Yuria et Ana espèrent combattre un jour en catégorie poids moyens (-75 kilos).
Ambitieuse, Idamelys "la dompteuse" rêve de "décrocher une médaille mondiale... et olympique".
Même assurance chez Yuria : "Si les hommes en sont capables, pourquoi pas nous ?", lance-t-elle.
Ce que souhaite Ana la Française, c'est avant tout boxer sous les couleurs de Cuba: "Si c'est ici que j'apprends tout, pourquoi aller représenter un autre pays ?", dit cette mince jeune femme.
Mais la réticence des autorités sportives cubaines à donner leur feu vert aux compétitions de boxe féminine "finit par décourager" les jeunes femmes désireuses de monter sur le ring, regrette Idamelys.
Pourtant, les sportifs semblent eux très ouverts à cette pratique: dans tous les gymnases de boxe de Cuba, les portes sont grandes ouvertes pour les femmes.

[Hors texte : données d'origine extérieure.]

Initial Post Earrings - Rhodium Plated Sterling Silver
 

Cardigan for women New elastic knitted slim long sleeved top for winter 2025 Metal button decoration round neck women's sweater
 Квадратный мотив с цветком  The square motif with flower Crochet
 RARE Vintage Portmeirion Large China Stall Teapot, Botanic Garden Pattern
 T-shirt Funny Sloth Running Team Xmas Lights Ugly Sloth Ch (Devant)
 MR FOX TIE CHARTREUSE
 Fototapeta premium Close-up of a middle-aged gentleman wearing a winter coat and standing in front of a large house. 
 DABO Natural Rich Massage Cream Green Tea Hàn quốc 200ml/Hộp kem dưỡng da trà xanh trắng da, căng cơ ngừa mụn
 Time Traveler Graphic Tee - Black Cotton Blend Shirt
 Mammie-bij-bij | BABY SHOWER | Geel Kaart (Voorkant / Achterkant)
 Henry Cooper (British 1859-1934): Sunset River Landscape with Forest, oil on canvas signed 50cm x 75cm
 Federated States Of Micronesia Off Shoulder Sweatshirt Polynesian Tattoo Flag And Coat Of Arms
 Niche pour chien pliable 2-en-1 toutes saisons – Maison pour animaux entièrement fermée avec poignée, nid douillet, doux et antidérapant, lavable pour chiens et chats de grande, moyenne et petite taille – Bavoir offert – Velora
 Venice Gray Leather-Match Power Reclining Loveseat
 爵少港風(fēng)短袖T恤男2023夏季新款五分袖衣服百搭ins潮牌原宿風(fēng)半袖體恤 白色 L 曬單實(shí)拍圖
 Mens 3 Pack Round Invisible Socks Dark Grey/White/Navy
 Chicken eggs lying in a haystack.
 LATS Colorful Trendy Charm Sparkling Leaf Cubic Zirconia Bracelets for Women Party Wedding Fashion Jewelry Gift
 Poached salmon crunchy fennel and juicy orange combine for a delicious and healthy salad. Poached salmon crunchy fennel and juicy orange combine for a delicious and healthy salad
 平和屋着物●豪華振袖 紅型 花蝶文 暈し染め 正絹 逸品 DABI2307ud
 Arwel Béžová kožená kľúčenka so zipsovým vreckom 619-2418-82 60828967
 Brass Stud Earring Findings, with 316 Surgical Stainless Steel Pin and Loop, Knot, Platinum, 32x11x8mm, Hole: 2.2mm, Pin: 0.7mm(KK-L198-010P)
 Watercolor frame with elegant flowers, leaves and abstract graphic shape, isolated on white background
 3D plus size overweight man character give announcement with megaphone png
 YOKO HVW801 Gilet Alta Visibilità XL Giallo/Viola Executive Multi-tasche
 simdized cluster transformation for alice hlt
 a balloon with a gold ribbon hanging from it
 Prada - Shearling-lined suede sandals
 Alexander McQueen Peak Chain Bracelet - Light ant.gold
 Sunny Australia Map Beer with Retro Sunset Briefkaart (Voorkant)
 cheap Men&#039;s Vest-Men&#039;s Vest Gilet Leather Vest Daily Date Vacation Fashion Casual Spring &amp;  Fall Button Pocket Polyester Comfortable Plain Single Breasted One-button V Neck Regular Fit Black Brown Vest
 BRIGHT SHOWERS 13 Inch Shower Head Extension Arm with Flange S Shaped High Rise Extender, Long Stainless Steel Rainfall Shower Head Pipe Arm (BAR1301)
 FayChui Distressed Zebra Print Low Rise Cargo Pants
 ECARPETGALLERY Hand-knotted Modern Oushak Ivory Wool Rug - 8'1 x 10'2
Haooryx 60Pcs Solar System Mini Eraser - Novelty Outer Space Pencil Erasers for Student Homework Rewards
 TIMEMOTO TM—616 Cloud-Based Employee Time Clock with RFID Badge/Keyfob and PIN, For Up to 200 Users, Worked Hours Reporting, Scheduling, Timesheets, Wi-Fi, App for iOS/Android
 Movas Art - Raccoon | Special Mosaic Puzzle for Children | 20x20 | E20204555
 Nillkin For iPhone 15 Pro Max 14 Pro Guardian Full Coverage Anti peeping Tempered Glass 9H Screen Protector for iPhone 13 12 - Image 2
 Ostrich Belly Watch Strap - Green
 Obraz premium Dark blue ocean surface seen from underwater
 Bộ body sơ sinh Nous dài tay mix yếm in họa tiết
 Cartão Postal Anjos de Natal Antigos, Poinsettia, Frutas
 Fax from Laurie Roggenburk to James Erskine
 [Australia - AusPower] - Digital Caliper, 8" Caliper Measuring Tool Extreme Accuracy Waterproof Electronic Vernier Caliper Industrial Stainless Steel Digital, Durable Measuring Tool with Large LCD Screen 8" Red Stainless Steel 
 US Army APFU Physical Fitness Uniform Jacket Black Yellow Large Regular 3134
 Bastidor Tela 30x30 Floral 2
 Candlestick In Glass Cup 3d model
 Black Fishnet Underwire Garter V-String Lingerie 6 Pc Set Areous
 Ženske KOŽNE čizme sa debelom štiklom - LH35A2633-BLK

"Les garçons nous aident, ils ne nous discriminent pas", témoigne Ana.
Pour l'entraîneur Emilio Correa, si les compétitions de boxe féminine sont enfin autorisées à Cuba, la pratique deviendra immédiatement "massive". Car "ici, c'est l'île de la boxe".
Les choses avaient semblé avancer en 2016 : le président de la Fédération cubaine de boxe, Alberto Puig, avait envisagé d'ouvrir les compétitions aux femmes. Mais trois ans plus tard, toujours rien.
"On ne peut pas nier aux femmes cubaines leur droit à participer à des compétitions" de boxe, déclare à l'AFP Alcides Sagarra, 82 ans, considéré comme le père de la boxe cubaine.
Et "elles finiront par avoir un bon niveau", prédit celui qui a formé plus de 80 champions olympiques et mondiaux, dont le légendaire Stevenson (1952-2012).
Pour les jeunes boxeuses, impossible de ne pas penser à Namibia Flores, un exemple de ténacité en la matière mais qui a atteint en 2016 les 40 ans - l'âge maximum fixé par la Fédération internationale de boxe pour participer aux jeux Olympiques, chez les hommes comme les femmes - sans réaliser son rêve olympique.
"Je n'ai pas envie qu'il nous arrive la même chose", dit Idamelys.
C'est aussi la place de l'île sur la scène mondiale de la boxe qui est en jeu, alors que la catégorie féminine prend de plus en plus d'ampleur dans les compétitions.